> **TASK TO CARRY OUT**: Here is the task for the listing below: output exactly the lines from the one containing "Green Bay Blizzard Military Nights Hoodie" through the one containing "Patagonia - Giacca", and leave out the pictures.

> **SUPPLIED INFORMATION**:
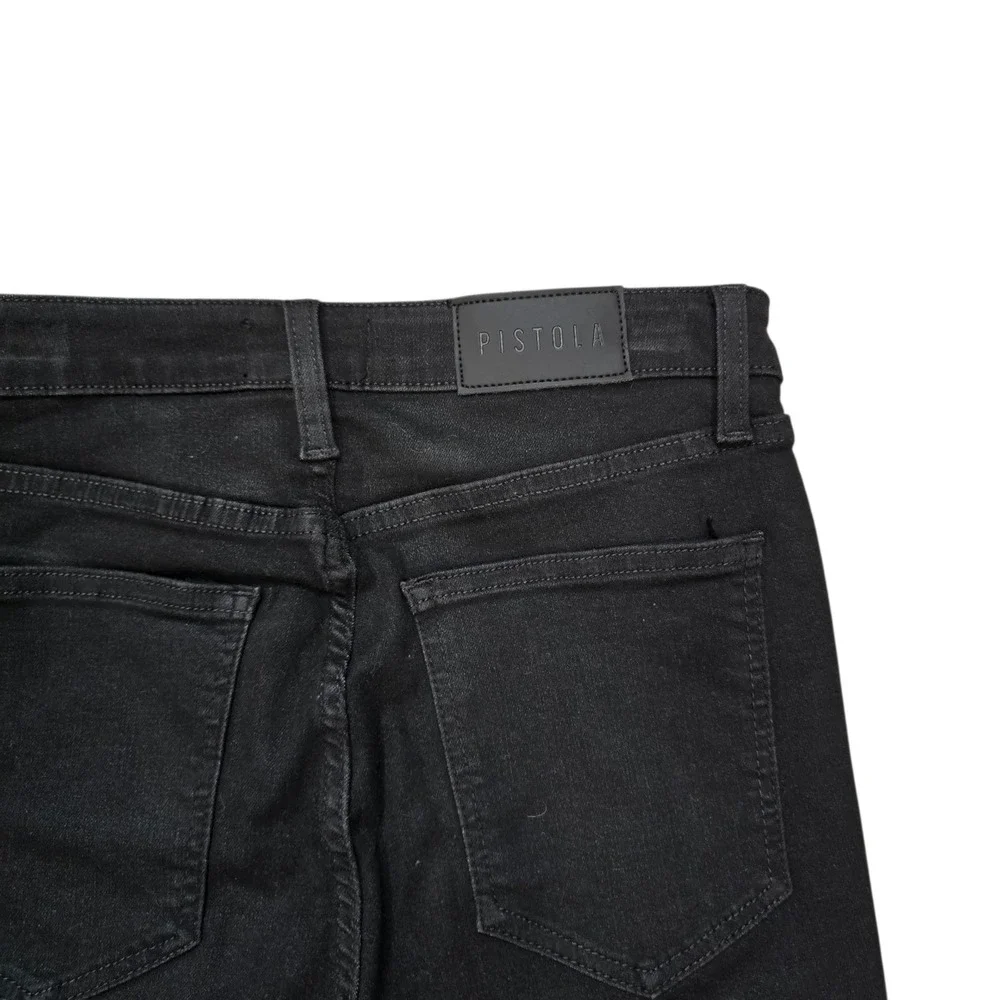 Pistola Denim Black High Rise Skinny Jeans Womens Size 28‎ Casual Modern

==

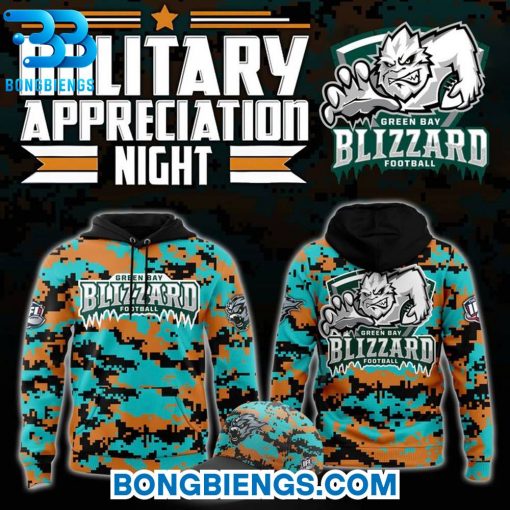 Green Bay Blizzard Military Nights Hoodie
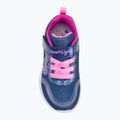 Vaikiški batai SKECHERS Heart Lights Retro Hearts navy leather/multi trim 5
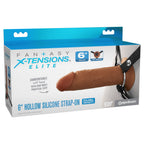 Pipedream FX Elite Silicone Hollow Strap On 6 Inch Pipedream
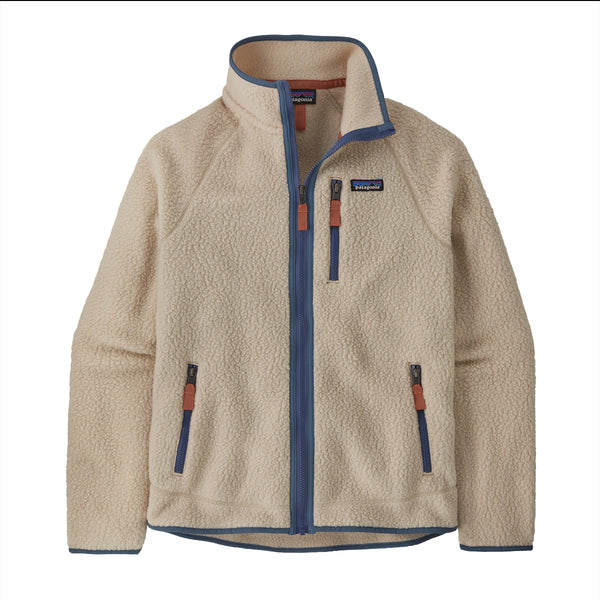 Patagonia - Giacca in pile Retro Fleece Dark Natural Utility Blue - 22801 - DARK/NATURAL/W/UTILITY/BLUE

> **RESULT FOR THIS TASK**:
 Green Bay Blizzard Military Nights Hoodie
 Vaikiški batai SKECHERS Heart Lights Retro Hearts navy leather/multi trim 5
 Pipedream FX Elite Silicone Hollow Strap On 6 Inch Pipedream
 Patagonia - Giacca in pile Retro Fleece Dark Natural Utility Blue - 22801 - DARK/NATURAL/W/UTILITY/BLUE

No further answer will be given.